Action item: Some of the lines below need repeating. Reproduce exactly those between the lines holding "Une affiche de carte sur Combles-en-Barrois" and "Gnawlers NoChoc O Bar Chicken Flavour 80g", inclusive.

Data for this task:
- Opening Delimiter -
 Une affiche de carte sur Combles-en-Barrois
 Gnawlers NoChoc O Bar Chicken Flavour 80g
- Closing Delimiter -
- Opening Delimiter -
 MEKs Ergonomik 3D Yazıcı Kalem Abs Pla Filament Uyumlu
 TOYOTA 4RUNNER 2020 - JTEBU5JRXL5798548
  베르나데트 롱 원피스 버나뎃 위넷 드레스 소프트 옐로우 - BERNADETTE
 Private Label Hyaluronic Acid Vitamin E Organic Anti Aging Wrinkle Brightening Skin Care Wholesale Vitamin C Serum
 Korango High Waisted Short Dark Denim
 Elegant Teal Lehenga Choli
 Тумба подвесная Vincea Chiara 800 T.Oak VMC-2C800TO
- Closing Delimiter -
Problem solution:
 Une affiche de carte sur Combles-en-Barrois
 Gnawlers NoChoc O Bar Chicken Flavour 80g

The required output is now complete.